Служба в армии приходилась на пору юности. Конфликты по поводу несправедливостей, связанных с отдачей в рекруты или с выплатами общиной семье рекрута, если в солдаты тот уходил по найму, были в старину заурядным делом. С введением в России в 1871 г. всеобщей воинской повинности такие конфликты ушли в прошлое, а служба в армии водлозерам стала представляться в чем-то даже желанной.

Особое место в традиционном жизненном цикле водлозеров с точки зрения конфликтологии занимал период заключения брака. Стрессовые ситуации, чреватые развитием длительных межсемейных конфликтов, возникали с момента выбора брачного партнера до завершения послесвадебных обрядов, следуя одна за другой почти непрерывной чередой. В традиционном жизненном цикле невозможно назвать другой период, хоть сколько-нибудь приближающийся к нему по количеству потенциально возможных конфликтов в столь короткий промежуток времени. Значительную часть реально случавшихся конфликтов, происходивших во время свадьбы, водлозеры приписывали враждебным проискам колдунов.
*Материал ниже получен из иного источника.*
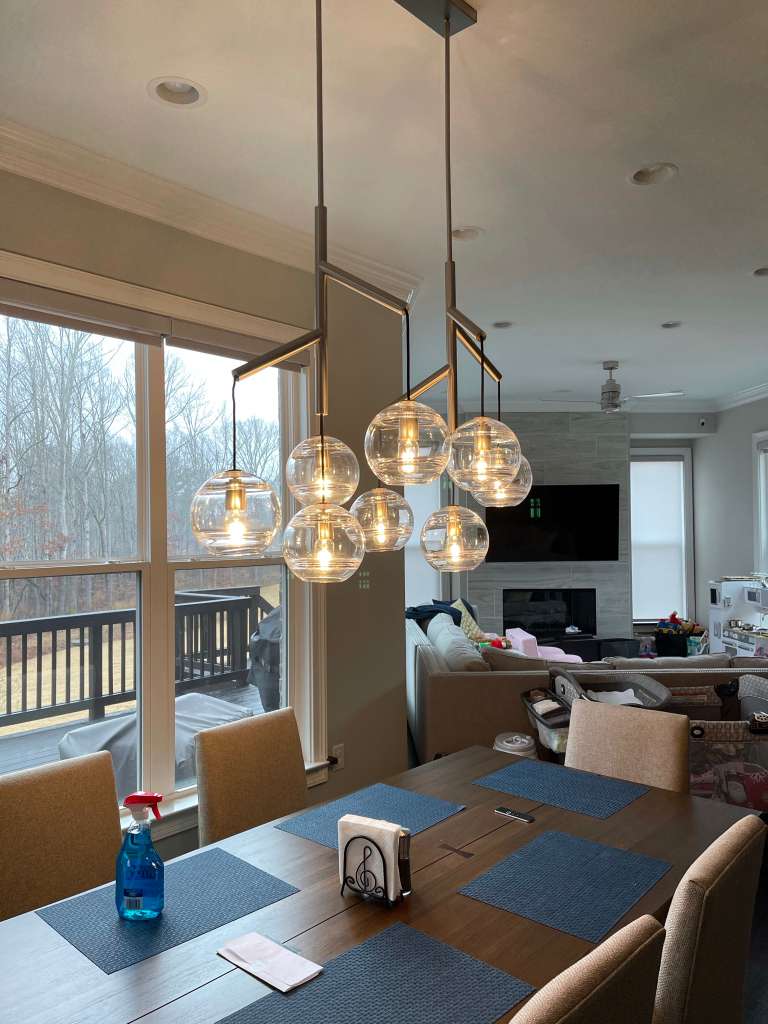 Modern dining room with pendant globe lights and a view of the outdoors.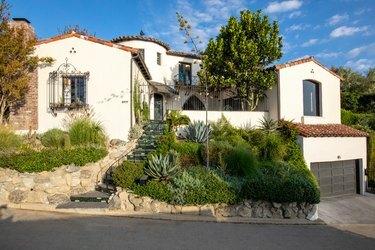 exteriör av hemmet i spansk stil med frodig landskapsarkitektur och stödmurar av sten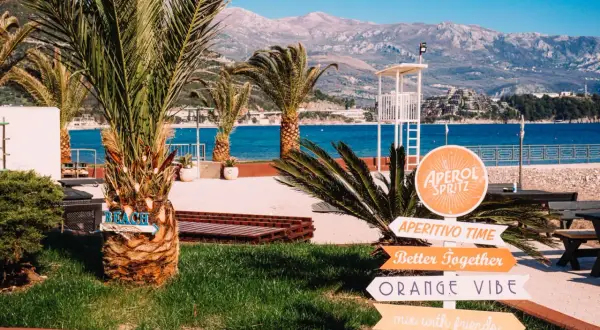 Palmy, morze i góry w Czarnogórze. Znaki wskazują plażę, Aperol Spritz i "Orange Vibe". Idealne miejsce na wakacje.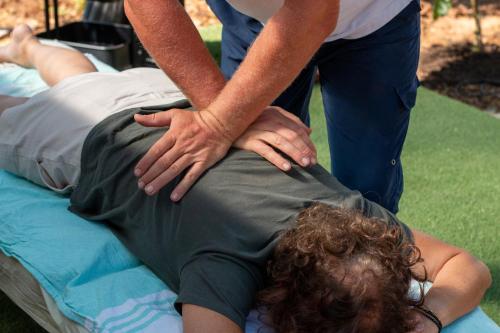 a man holding the back of a person on a bed at Casa Terapia in Loulé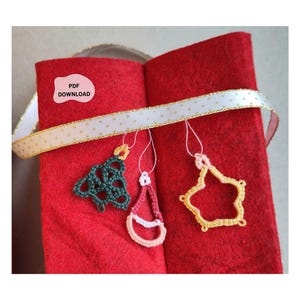 May include: Three small crocheted ornaments in dark green, red, and yellow hanging from a white and gold polka dot ribbon draped over a red felt surface. A pink label with the text PDF DOWNLOAD is visible on the upper left side of the felt.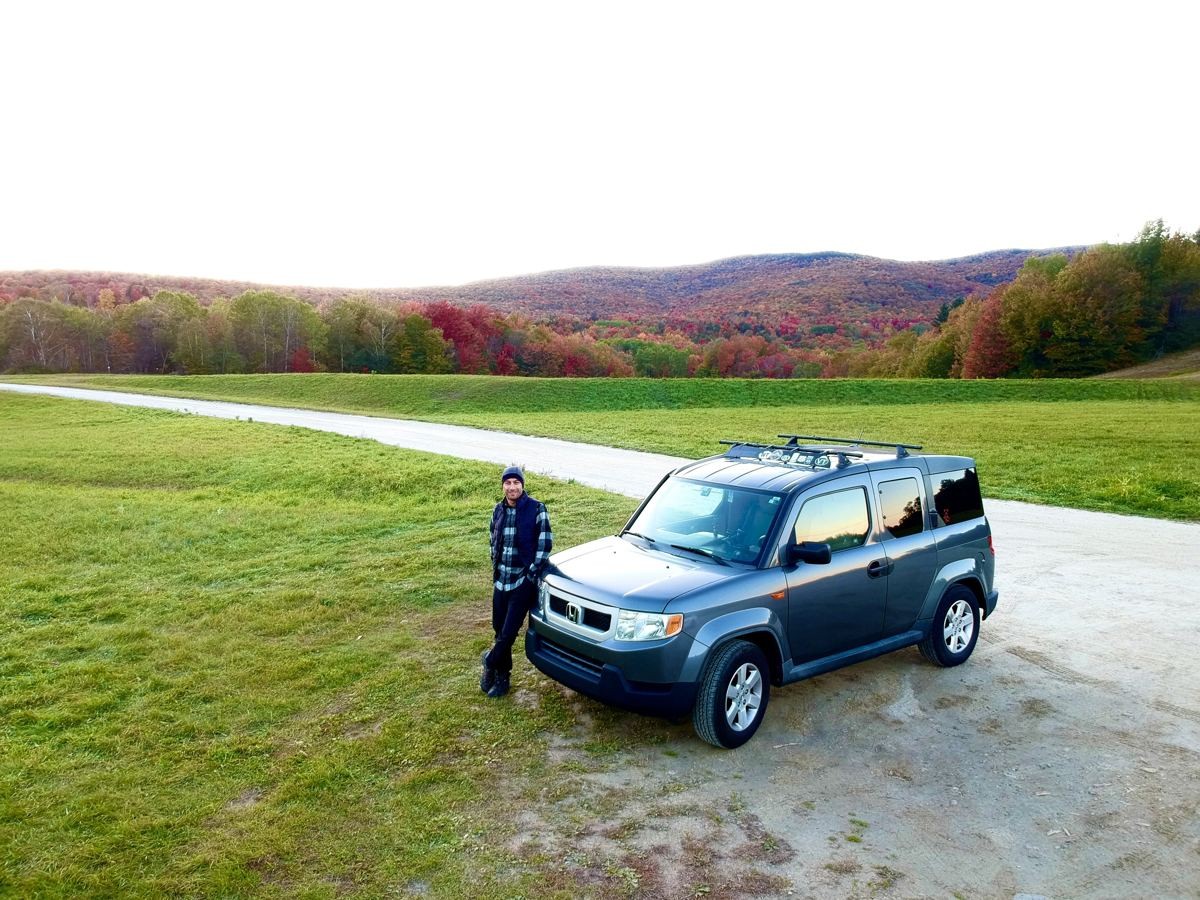 Manny leaning on a grey Honda Element in a field below hills in autumn colours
В возрастном периоде молодоженства (диапазон 18–24 года) на уровень конфликтности влияло несколько факторов. Общественное мнение было благорасположено к молодоженам, искусственно конфликты в их отношении не возбуждались. Все зависело от того, в какую семью приходили жить молодожены. В семье, состоящей только из молодых и их родителей, положение молодой жены было более комфортным, чем в большой патриархальной семье. Там молодой снохе требовалось приноровиться только к мужу, свекру и свекрови. Психологически решение этой задачи облегчалось тем, что исполнением ряда обрядов и магических ритуалов считалось вполне возможным подчинить мужа воле жены, сведя тем самым вероятность конфликтов к минимуму. В большой патриархальной семье от молодого мужа мало что зависело. Снохе требовалось нравиться свекру, свекрови, старшим снохам и незамужним золовкам, что на практике было почти недостижимо. Молодая сноха подвергалась постоянному прессингу, что в крестьянской среде считалось правилом хорошего тона. Факт беременности не освобождал молодую от физических нагрузок, но резко уменьшал число скандалов во внутрисемейной жизни. Период молодоженства мог быть самым тяжелым на протяжении всего жизненного цикла женщины.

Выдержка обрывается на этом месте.